- What you have to do:
Copy each line in the data that includes the word "industrial".

- Records provided:
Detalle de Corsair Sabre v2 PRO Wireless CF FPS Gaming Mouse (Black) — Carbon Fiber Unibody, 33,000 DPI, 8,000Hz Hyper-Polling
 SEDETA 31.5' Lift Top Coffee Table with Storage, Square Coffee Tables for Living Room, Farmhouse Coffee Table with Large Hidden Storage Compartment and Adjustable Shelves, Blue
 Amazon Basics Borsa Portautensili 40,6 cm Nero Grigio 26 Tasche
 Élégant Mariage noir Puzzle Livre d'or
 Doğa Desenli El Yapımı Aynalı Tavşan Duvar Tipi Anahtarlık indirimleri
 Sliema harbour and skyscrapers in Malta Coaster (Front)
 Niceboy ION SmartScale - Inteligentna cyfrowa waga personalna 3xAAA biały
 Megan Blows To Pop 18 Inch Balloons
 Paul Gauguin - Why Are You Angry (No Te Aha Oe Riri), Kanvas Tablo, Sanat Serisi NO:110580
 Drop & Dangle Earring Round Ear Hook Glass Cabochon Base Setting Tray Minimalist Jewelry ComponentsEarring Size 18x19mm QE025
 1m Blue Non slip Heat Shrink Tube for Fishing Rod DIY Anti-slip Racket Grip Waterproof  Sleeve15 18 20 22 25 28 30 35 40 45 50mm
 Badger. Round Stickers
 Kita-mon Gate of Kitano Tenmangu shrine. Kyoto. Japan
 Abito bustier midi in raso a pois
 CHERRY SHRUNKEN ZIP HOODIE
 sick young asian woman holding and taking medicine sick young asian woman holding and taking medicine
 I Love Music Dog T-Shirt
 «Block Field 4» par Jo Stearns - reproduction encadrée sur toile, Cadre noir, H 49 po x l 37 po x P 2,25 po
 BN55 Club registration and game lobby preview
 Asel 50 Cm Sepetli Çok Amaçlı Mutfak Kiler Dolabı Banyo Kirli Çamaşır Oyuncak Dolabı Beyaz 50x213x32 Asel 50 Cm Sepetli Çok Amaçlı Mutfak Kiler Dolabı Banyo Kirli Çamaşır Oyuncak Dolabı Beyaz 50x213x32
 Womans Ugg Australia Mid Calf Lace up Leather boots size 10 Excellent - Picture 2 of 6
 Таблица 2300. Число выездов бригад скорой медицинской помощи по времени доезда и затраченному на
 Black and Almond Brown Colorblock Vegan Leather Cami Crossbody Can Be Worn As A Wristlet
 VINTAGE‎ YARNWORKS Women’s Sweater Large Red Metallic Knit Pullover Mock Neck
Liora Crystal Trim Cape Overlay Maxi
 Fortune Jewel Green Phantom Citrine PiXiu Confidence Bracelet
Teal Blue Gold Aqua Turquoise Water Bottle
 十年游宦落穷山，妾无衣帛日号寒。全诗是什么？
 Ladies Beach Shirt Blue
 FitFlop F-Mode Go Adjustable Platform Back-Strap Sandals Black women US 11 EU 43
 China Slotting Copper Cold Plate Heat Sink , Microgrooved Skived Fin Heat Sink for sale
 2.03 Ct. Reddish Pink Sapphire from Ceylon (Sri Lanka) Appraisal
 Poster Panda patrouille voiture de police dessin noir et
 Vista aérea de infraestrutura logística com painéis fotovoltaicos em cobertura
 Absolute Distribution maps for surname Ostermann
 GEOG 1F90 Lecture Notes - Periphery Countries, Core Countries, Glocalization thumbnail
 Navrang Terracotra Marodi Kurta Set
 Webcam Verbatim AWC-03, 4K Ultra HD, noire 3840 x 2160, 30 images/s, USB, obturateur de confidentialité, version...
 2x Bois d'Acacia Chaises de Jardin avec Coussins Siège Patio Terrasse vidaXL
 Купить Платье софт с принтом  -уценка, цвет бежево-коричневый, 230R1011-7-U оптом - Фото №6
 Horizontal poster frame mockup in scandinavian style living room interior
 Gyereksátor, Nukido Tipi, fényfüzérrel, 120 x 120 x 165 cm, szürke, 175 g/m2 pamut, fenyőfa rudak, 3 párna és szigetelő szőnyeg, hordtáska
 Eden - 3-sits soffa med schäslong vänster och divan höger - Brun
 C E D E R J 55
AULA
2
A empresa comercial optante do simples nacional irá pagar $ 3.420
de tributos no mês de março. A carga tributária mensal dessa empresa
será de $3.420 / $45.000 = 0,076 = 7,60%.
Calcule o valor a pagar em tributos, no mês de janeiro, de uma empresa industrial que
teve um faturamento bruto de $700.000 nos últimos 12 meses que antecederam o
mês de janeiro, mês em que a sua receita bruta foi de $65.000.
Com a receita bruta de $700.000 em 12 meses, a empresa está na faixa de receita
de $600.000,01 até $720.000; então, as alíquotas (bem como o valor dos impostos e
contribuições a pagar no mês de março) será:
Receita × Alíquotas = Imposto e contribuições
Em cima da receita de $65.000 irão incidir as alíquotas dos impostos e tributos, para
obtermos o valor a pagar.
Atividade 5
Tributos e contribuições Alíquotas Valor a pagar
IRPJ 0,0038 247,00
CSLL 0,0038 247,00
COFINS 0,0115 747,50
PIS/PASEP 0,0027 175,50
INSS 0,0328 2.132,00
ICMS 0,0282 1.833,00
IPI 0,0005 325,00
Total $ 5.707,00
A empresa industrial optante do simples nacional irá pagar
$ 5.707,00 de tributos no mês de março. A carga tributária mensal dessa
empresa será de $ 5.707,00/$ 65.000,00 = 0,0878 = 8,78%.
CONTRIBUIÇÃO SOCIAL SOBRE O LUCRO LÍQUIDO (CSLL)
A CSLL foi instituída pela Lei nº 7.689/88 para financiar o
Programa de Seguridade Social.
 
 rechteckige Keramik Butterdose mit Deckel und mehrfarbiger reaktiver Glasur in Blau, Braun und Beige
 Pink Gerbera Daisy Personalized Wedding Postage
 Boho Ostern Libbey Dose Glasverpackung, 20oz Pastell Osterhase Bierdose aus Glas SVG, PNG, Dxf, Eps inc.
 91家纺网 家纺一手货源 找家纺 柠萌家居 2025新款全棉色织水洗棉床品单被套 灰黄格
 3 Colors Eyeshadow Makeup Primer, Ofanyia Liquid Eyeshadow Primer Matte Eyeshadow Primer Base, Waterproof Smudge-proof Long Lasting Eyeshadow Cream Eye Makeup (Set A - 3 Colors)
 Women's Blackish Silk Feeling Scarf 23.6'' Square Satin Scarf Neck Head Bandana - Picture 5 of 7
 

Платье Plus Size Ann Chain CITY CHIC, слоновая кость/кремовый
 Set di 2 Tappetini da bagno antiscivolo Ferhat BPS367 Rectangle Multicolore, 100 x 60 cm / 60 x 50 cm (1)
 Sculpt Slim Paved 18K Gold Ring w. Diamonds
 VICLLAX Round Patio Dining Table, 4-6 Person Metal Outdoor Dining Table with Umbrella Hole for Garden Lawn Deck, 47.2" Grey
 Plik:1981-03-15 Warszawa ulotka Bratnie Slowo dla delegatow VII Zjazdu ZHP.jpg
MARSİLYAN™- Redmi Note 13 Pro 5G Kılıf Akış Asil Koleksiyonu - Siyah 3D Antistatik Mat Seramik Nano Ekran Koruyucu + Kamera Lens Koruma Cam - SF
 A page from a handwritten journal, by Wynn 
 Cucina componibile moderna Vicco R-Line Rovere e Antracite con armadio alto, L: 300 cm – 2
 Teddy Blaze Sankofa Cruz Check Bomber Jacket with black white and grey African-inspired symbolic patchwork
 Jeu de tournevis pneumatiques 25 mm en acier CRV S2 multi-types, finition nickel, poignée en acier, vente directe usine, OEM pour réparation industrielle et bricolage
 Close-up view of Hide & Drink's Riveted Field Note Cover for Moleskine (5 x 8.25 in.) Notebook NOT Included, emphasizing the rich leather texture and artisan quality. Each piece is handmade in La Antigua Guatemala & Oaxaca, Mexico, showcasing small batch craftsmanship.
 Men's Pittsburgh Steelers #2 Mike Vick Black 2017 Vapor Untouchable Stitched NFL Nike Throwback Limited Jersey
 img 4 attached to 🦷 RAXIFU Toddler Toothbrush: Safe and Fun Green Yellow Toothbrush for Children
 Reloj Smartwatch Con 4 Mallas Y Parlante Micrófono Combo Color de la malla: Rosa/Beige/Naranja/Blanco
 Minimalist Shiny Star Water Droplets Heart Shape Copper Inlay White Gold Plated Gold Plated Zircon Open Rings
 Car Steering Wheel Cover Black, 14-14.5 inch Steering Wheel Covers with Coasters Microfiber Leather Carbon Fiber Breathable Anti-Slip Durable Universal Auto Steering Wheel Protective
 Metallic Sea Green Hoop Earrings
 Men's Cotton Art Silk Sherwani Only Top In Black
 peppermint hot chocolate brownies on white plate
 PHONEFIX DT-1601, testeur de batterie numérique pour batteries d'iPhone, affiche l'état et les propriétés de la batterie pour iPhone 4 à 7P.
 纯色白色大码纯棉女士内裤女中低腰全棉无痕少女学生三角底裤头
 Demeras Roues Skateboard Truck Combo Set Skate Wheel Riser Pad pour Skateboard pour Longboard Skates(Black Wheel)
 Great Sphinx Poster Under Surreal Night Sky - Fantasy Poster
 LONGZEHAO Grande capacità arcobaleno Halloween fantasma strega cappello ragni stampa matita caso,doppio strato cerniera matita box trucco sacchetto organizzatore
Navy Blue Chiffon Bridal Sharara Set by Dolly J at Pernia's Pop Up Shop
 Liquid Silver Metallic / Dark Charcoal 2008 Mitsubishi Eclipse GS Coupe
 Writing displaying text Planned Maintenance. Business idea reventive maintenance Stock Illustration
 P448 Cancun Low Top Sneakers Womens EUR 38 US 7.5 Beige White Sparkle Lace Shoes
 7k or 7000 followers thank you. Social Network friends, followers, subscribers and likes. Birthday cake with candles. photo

- Response area:
Calcule o valor a pagar em tributos, no mês de janeiro, de uma empresa industrial que
A empresa industrial optante do simples nacional irá pagar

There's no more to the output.